Akan tetapi, pada praktiknya memang masih dapat terjadi adanya perkawinan beda agama di Indonesia. Guru Besar Hukum Perdata Universitas Indonesia Prof. Wahyono Darmabrata, menjabarkan ada empat cara yang populer ditempuh pasangan beda agama agar pernikahannya dapat dilangsungkan.

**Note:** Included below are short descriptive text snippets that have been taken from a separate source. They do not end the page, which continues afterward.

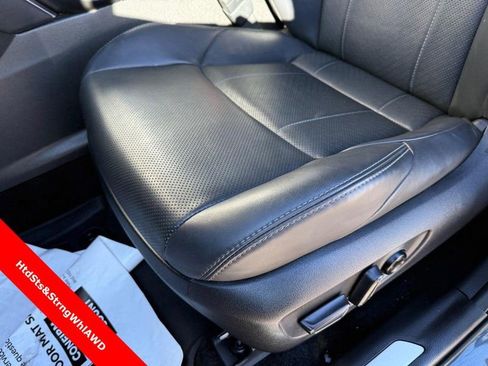 Used 2023 Toyota Venza Limited image 17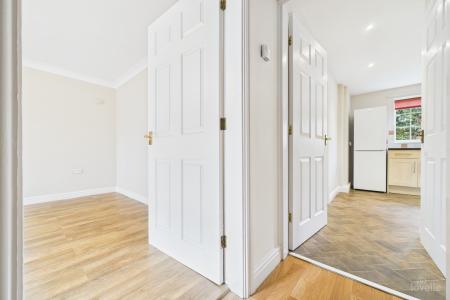 4 bedroom Detached house for sale in Hallam Close, Barrow-upon-Humber, North Lincolnshire, DN19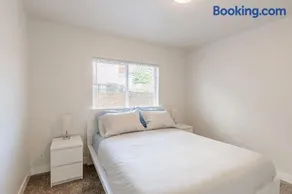 Luxurious 5 Bedroom Home with AC and EV Plug - Image 4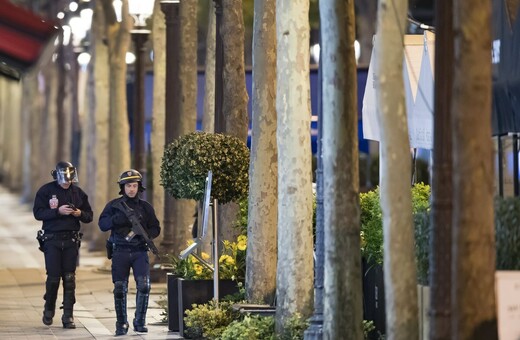 Συναγερμός στο Παρίσι: Όχημα έπεσε πάνω σε βαν της αστυνομίας στα Ηλύσια Πεδία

Menurut Wahyono, empat cara tersebut adalah:
1.      Meminta penetapan pengadilan,
2.      Perkawinan dilakukan menurut masing-masing agama,
3.      Penundukan sementara pada salah satu hukum agama,
4.      Menikah di luar negeri.

Maka hati-hati sebelum bertindak, pikir dahulu sebelum anda mengenal atau mengajak pasangan kekasih yang beda agama sebelum muncul permasalahan di kemudian hari. Awalnya cinta tidak mengenal derajat, kedudukan atau latar belakang, tetapi permasalahan tetap akan muncul di kemudian hari karena putra-putri anda adalah bukti kelanjutan generasi selanjutnya.